Reproduce the material below only from the line with "3 Bedroom End" to the line with "La Tour Eiffel", both included, keeping each line exact and dropping the pictures.

Provided records:
────────────────────────────────────────

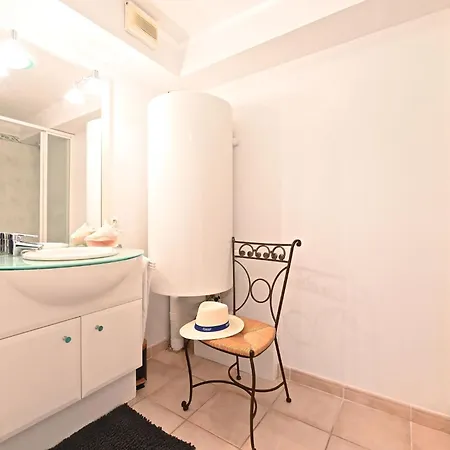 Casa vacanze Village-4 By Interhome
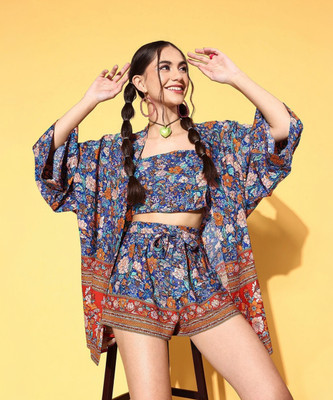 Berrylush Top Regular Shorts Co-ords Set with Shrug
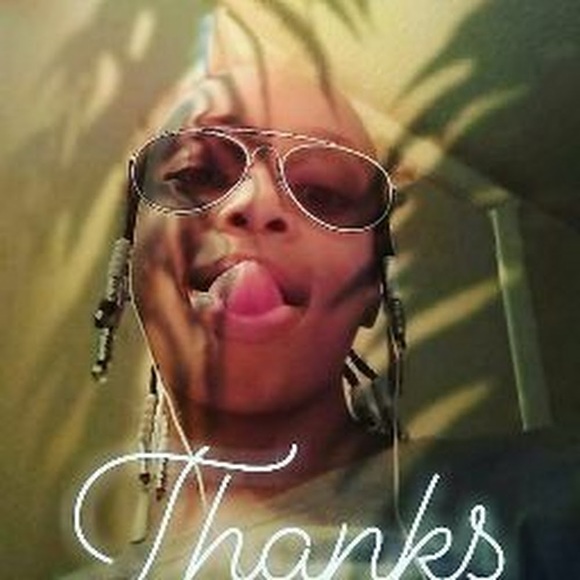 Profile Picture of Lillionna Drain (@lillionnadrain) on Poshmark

────────────────────────────────────────

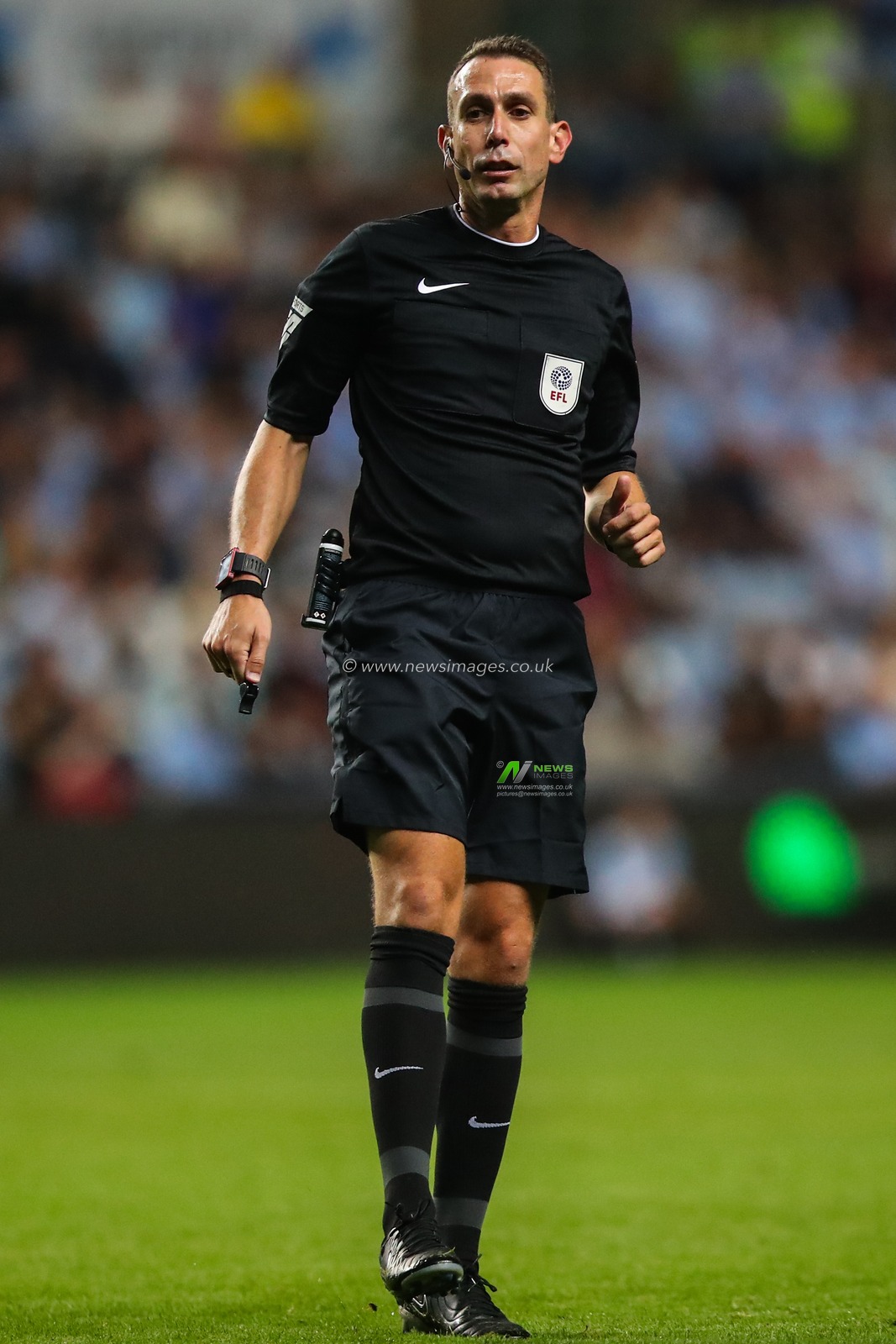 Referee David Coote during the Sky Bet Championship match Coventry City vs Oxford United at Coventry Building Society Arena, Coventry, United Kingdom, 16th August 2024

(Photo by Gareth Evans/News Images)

────────────────────────────────────────

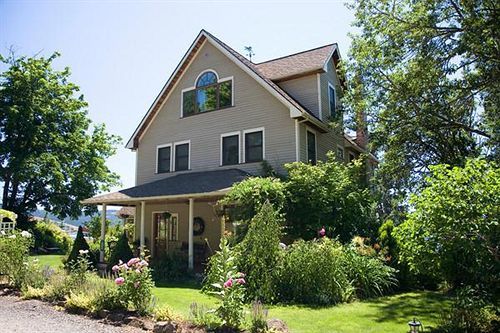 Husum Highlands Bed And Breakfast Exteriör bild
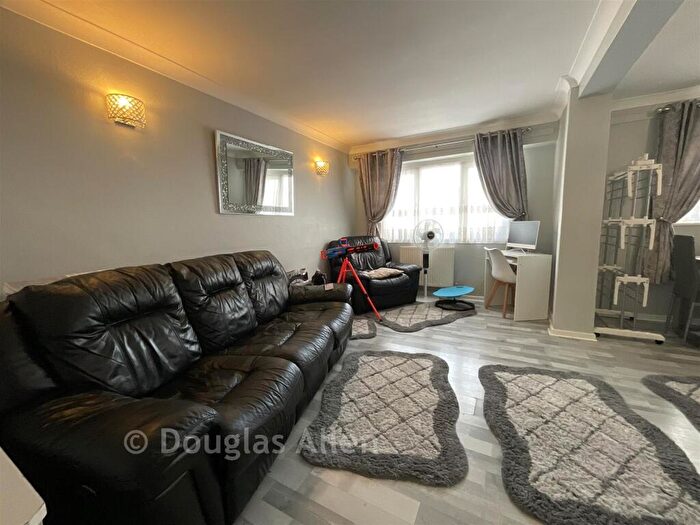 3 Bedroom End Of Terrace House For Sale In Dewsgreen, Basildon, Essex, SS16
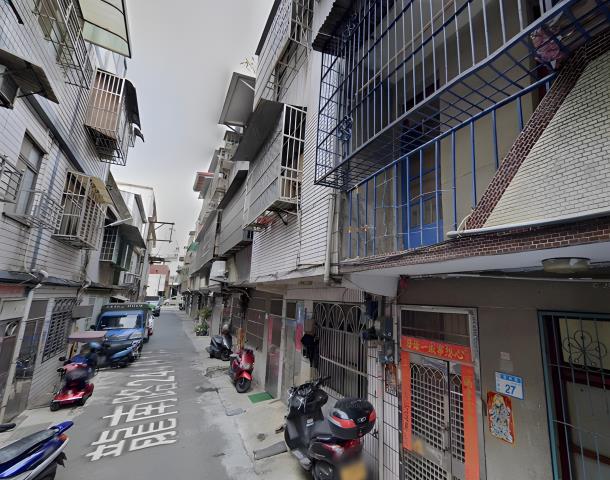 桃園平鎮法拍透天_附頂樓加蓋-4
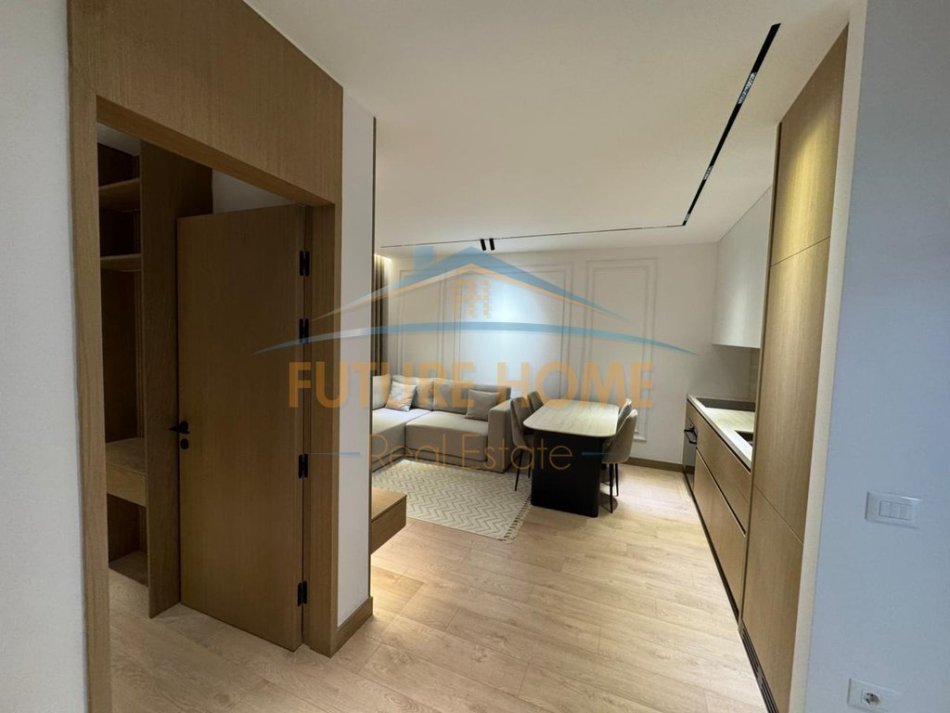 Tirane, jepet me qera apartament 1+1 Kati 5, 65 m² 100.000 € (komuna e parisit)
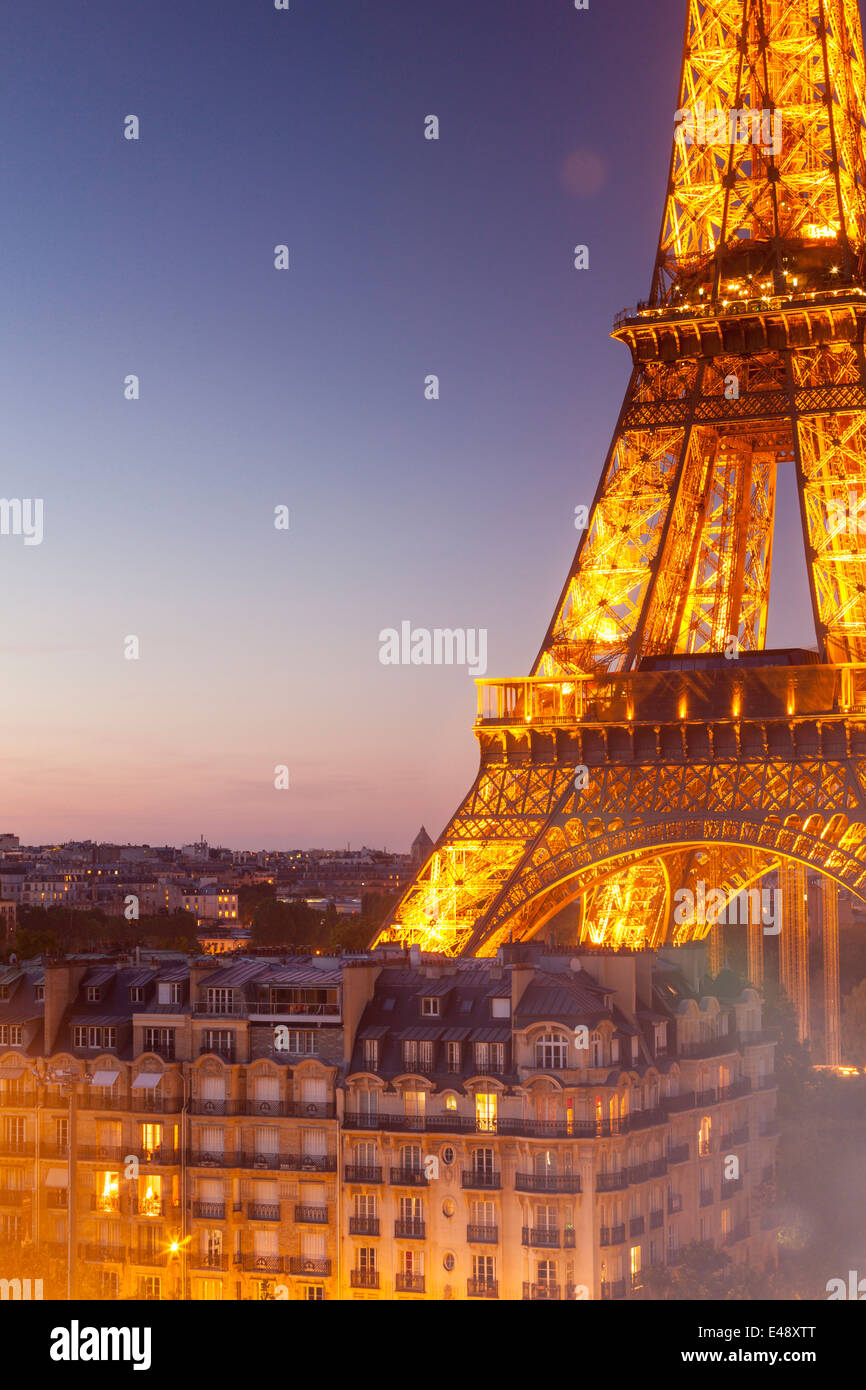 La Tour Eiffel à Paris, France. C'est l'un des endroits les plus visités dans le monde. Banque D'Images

────────────────────────────────────────

Answer to this problem:
 3 Bedroom End Of Terrace House For Sale In Dewsgreen, Basildon, Essex, SS16
 桃園平鎮法拍透天_附頂樓加蓋-4
 Tirane, jepet me qera apartament 1+1 Kati 5, 65 m² 100.000 € (komuna e parisit)
 La Tour Eiffel à Paris, France. C'est l'un des endroits les plus visités dans le monde. Banque D'Images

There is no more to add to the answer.